There are a growing number of data sources relating to individual articles available for analysis.  By using a common data element such as a DOI, these data resources can be joined together into a single data resource which can by analysed using packages such as STATA and Excel. These data sources can include internal production information and external sources of usage data as supplied by a growing number of publishers.

For instance…

This is an example of the output from a recent analytical project. The main object of the study was to take the metadata generated during the client’s production process and zip it to citation data. The integrated dataset could then be investigated using statistical tools such as STATA.

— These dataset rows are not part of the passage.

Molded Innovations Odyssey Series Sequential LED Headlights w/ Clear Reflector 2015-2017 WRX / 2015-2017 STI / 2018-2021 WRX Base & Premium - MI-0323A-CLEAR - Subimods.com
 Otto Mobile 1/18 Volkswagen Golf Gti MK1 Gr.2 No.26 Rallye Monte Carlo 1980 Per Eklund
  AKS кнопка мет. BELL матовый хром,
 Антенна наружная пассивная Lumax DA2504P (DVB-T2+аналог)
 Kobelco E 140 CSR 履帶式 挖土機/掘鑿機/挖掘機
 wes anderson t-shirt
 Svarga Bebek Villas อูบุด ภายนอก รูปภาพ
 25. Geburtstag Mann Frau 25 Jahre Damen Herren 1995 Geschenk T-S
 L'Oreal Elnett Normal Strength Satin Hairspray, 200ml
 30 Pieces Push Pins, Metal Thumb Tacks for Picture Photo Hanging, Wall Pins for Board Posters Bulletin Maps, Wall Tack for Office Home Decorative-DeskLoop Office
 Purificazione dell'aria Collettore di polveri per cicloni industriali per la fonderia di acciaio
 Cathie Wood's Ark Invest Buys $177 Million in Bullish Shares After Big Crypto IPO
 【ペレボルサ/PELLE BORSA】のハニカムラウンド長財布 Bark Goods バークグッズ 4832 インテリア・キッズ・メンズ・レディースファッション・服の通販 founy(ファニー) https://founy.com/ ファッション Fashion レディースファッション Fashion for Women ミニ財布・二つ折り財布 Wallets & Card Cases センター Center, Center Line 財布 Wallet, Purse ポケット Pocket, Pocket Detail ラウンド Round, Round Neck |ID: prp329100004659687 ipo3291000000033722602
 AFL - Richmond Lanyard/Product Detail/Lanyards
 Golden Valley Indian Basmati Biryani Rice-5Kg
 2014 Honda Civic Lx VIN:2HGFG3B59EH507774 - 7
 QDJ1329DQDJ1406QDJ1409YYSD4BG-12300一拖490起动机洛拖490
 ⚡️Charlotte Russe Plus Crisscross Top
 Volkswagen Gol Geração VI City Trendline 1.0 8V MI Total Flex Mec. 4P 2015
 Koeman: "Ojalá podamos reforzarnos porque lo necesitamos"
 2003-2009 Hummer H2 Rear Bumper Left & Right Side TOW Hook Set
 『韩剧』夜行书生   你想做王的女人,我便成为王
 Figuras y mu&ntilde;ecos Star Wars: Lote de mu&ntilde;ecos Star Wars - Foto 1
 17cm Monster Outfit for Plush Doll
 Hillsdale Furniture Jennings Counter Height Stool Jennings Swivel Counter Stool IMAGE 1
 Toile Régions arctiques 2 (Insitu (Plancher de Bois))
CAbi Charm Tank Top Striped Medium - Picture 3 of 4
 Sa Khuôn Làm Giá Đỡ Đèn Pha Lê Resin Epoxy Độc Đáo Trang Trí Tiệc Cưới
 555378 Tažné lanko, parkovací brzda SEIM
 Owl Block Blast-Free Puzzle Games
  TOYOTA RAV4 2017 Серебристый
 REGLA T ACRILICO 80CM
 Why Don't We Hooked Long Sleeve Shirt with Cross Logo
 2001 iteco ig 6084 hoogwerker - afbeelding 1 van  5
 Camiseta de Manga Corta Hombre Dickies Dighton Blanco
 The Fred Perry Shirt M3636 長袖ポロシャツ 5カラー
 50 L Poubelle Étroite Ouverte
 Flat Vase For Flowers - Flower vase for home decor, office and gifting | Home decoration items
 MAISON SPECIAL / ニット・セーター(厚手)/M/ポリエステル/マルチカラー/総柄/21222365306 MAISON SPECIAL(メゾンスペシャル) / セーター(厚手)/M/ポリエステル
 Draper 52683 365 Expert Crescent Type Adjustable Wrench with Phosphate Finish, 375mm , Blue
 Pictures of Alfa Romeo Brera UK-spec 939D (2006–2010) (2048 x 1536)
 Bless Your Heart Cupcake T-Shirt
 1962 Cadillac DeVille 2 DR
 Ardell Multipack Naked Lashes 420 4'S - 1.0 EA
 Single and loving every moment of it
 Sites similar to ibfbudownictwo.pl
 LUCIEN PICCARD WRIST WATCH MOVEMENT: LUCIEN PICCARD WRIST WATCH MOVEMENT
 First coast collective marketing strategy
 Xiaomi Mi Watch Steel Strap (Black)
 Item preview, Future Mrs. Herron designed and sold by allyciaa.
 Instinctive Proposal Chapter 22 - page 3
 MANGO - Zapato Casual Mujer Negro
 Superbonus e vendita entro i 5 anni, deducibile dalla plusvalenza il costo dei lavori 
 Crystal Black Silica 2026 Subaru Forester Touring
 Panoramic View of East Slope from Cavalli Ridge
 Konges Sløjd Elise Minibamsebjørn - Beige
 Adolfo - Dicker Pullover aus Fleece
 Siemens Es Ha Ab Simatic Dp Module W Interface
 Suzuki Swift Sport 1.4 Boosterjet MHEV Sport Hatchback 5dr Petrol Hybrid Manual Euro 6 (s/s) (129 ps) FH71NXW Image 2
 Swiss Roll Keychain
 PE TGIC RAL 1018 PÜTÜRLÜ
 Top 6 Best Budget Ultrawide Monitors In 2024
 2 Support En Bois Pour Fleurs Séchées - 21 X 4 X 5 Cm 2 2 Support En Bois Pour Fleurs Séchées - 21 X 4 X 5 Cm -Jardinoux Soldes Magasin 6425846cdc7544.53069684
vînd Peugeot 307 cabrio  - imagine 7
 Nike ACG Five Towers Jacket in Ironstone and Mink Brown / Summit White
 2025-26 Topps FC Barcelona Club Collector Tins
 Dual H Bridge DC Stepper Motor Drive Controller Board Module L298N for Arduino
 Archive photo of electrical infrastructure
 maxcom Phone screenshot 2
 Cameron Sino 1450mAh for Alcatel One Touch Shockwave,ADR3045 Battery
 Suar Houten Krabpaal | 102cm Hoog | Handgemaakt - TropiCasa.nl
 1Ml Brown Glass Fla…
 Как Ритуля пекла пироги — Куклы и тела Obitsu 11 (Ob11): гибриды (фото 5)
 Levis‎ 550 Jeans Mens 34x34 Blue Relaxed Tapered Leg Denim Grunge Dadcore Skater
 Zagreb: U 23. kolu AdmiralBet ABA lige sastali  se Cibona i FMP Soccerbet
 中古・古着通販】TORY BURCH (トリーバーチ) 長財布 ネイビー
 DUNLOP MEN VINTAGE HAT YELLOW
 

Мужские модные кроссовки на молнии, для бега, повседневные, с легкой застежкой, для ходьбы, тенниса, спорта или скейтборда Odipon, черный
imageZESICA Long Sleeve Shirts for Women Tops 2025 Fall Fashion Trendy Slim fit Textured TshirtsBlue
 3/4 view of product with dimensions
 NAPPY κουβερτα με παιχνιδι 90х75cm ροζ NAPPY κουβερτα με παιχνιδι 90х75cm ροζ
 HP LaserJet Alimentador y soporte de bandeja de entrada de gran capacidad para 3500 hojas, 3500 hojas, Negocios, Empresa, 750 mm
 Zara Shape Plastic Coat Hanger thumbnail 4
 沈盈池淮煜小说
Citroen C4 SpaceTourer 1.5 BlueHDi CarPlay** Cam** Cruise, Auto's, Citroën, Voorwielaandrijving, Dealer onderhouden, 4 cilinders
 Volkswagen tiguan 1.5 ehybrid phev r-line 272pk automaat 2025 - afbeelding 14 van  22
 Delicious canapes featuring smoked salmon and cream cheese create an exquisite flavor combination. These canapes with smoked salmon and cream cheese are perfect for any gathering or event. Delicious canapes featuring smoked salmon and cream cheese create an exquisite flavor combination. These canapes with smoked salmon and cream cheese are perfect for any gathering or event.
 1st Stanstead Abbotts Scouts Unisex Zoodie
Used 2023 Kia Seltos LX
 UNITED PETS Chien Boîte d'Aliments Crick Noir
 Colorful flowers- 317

Citation analysis reveals varying performance of special themed issues

The graph shown here represents the varying number of citations received by individual journal issues since 2007, i.e. the oldest issues are to the left of the graphic.

The red line represents the mean citations generated by each issue. These decline in a linear fashion. That is to say, the mean and the variance of issue citation rates increases with age. However, whilst the mean increases in a linear fashion, the variance increases dramatically after about 50 issues.

The special issues are labelled with blue spots. It is clear that the success of these initiatives has been quite variable. In fact, the highest peaks are generated by specially commissioned themed issues, whereas the smaller ones are associated with issues based around conference proceedings.


Editors can put a lot of effort into creating special journal issues. Analysis can provide evidence of their impact on usage and journal impact.

Current analysis projects focus on combining different types of metric and assessing their predictive value. We are also studying the growth of PLoS ONE and its clones.